In May, I was privileged to visit the Holy Land, including the building at the summit of the Mount of Olives, the so-called Imbomen (from the Greek en bouno, “on the hillock”). In the days of Egeria in the fourth century, it was not so much a chapel as a circular colonnade, for Egeria writes in her famous travelogue that it was a place where one could sit down. Later a lady named Poemenia, a member of the Imperial family, enlarged it into an actual church. The church endured the same fate that befell much else in the Holy Land, being destroyed by the Persians in 614 AD and then, after being rebuilt in the seventh century, destroyed later by the Muslims. The present structure stands in the midst of the ruins of that church. Here I would like focus attention upon one significant change made to the original shrine—they roofed it over. The original shrine, measuring about three meters by three meters, like the original Imbomen of Egeria’s day, was open to the sky.
The present Imbomen structure is not very impressive, especially when compared to the area’s well-adorned churches, or even to the mosques in Jerusalem. But it does mark the authentic place where Christians have commemorated the Ascension of Christ since the fourth century. (It does not, however, mark the site of the actual Ascension itself. In Luke 24:50, we read that Christ led His disciples out “as far as Bethany” and ascended from there—in other words, over the summit of the Mount of Olives and down the other side towards Bethany. But it is hard to built a chapel on a hillside, and we can scarcely blame the Byzantines for building their chapel on the more obvious spot, on the hillock’s summit.)
The roofing over of the Imbomen is not of merely architectural significance. The Christians who worshipped in that original roofless shrine could look up into the sky, in their imaginations following Christ as He ascended from earth to heaven. There is always something inspiring and uplifting about looking up. The sky is one of the many miracles surrounding us, whether we see it filled with clouds or with stars. Sorrow makes our heads hang down and look towards the earth, while joy lifts up our heads. At every Divine Liturgy, the priest bids the faithful “Lift up your hearts!” and the instinctive response is to lift the heads as well. Joy makes us look up to heaven, to God, the Giver of all good gifts. I have no doubt that the ancient worshippers at the roofless Imbomen often looked up while they worshipped there. Our destiny as Christians is to eventually share Christ’s heavenly glory (Romans 8:29-30) and to join Him in His heavenly Kingdom. Little wonder then if we often look up to heaven, our destination and home.

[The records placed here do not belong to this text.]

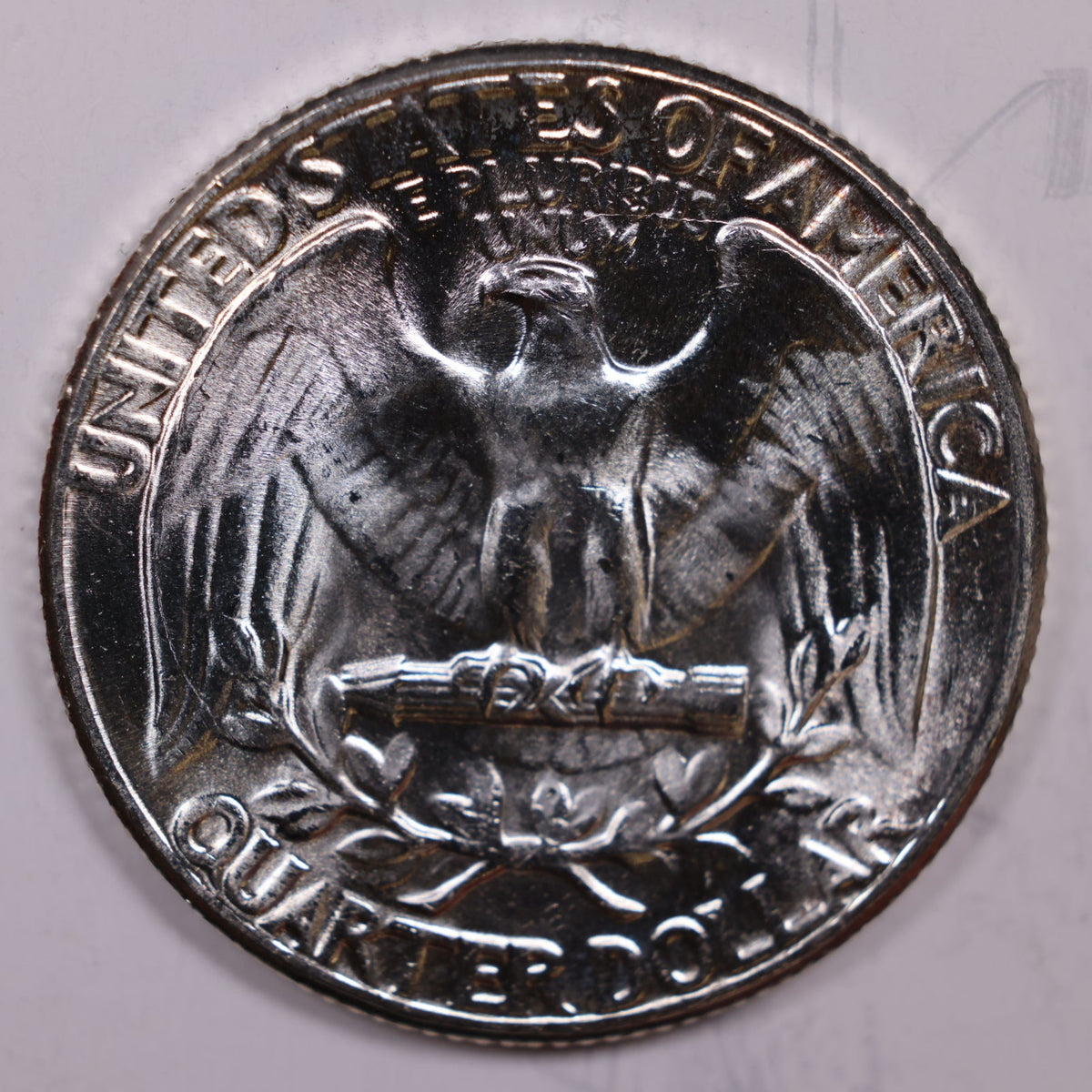 1957 Washington Quarter, Mint State Uncirculated, Store #QR2269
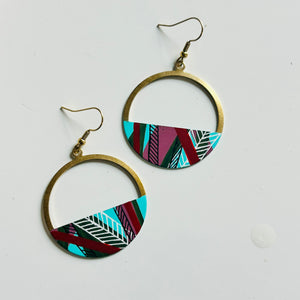 Transit Earrings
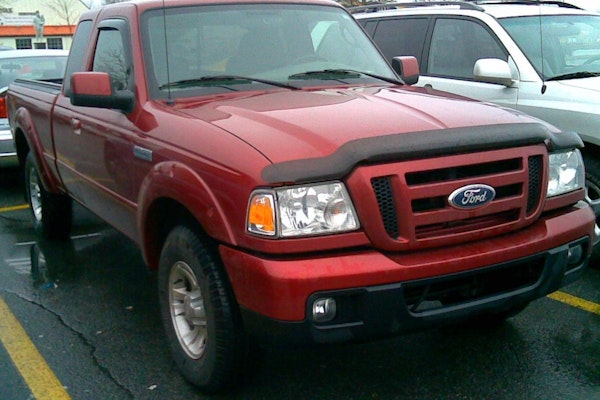 Ford Recalls Nearly 232K Rangers Over Faulty Air Bag Inflator Replacement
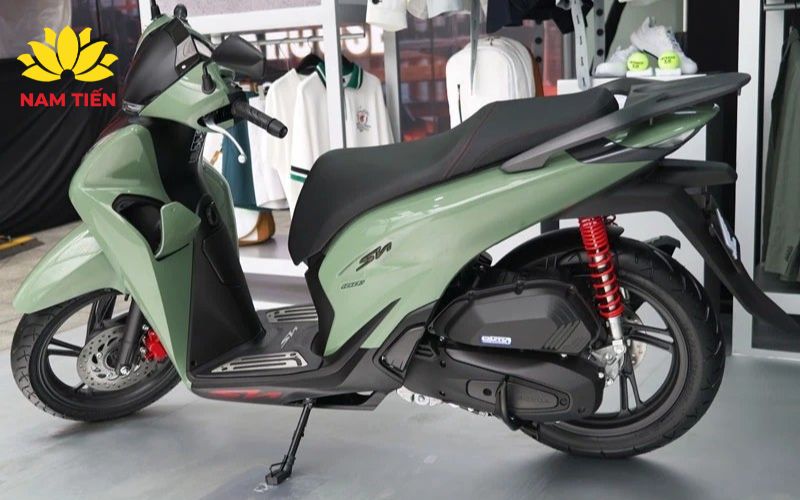 Cách nhận diện nơi mua xe SH 160i tại TPHCM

It is just here that the roofing over of the Imbomen becomes significant, for those who bricked it up did not believe that men could share the glory of the heavenly God. Better then to look not up, but toward Jerusalem or Mecca. But in fact we can share the glory of our heavenly Lord, and His Ascension to glory is a promise and prophecy of the glory that by grace awaits all His disciples. I enjoyed my visit to the Imbomen. I enjoyed even more stepping outside the chapel, and looking up into heaven, following the path blazed by our ascended Lord, and knowing that we would all one day follow Him home.